The inherent accuracy problem of the 22 Hornet is no longer true. When first on the scene with yesterdays powders and solid lead bullets accuracy was a problem, depending on what one called accuracy. With the powders used today and better bullets that problem does not exist as long as you keep in mind the Hornet is pretty much a 200 yard gun. I have a Ruger 22 Hornet that I really love to shoot and as long as I do my part 1-1 & 1/2 inch groups are no problem at 100 yards. Now having said that, unless you reload I would not recommend the 22 Hornet as the cost of ammo is ridiculous high. Around 25-30 dollars a box of 50. If however you decide on the Hornet I strongly recommend you get into reloading.
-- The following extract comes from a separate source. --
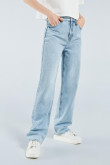 Jean azul claro 90´S con diseño de bota recta ancha y tiro alto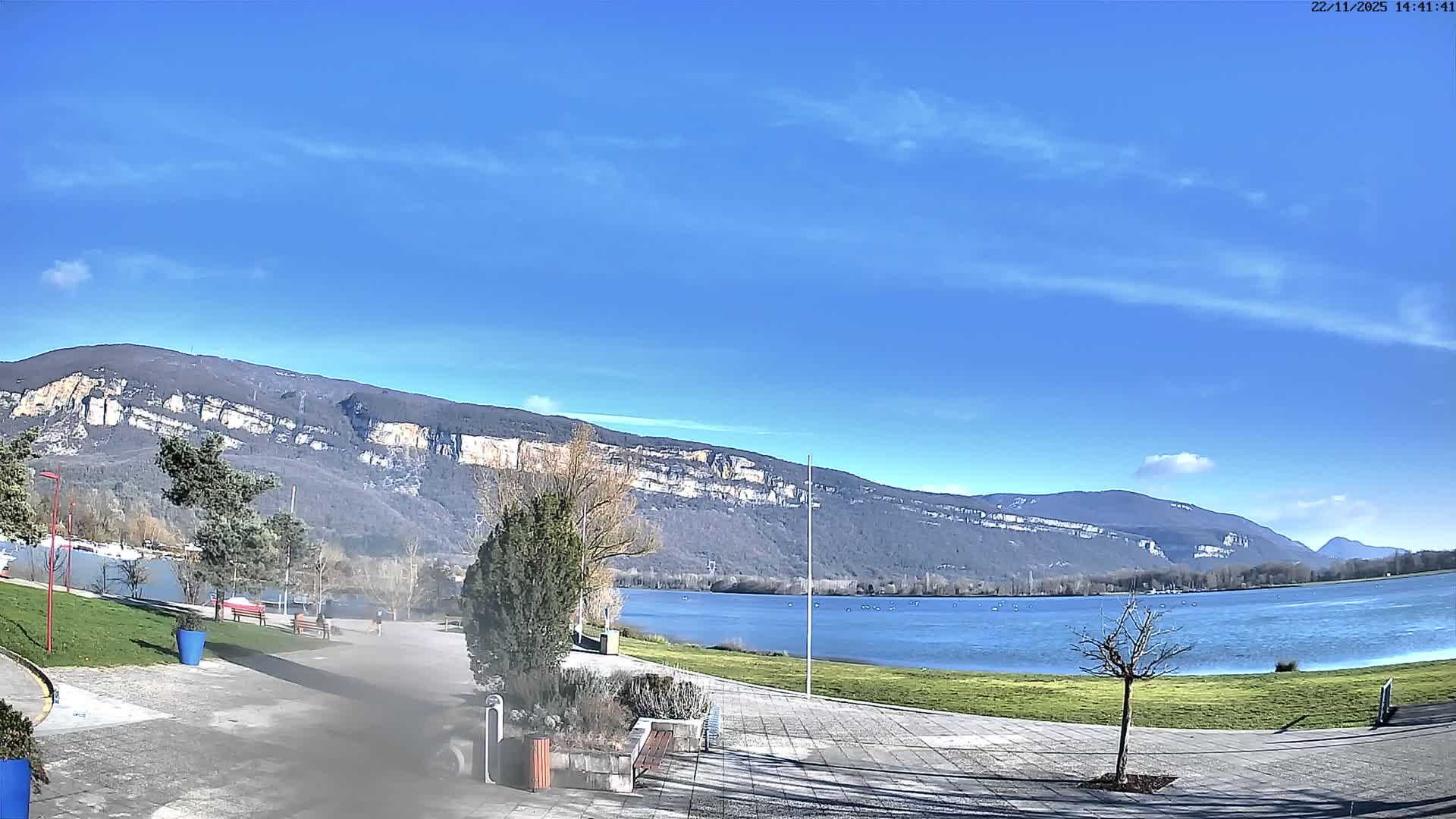 Montalieu-Vercieu, Vallée Bleue Base de Loisirs Leisure Park & Le Rhone River View Live Cam - Montalieu, Montalieu-Vercieu, La Tour-du-Pin, Isère, Auvergne-Rhône-Alpes, France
Just reloading 300-400 rounds of Hornet will pay for the cost of your reloading equipment and then some.


----------



## neb_bo (Feb 3, 2007)

gohon pretty much voiced my opinion for me. i loved my hornet, most accurate gun i ever owned, but you do pretty much have to reload for it. i tried every factory load available, and couldnt get anything under 1.5" at 100. ive been told, and it seems to be true, that they cut sloppy chambers on hornets. if you get one, neck size only, and seat your bullets out to about .05" from the lands. mine wasnt terribly picky, but it did shoot winchester cases a little better, and hornady bullets had a slight advantage over others. on the other hand, i did trade my hornet for a 223, because i hated coughing up $30 a box for stuff that didnt shoot when i didnt have time to load for it. with all the varieties of 223 out there its not hard to find something that works for you, for about half the price of hornets. i love my 223, and ill probably never get rid of it, and i still get tears in my eyes when i think of my hornet in somebody elses hands, so either one is a good choice.


----------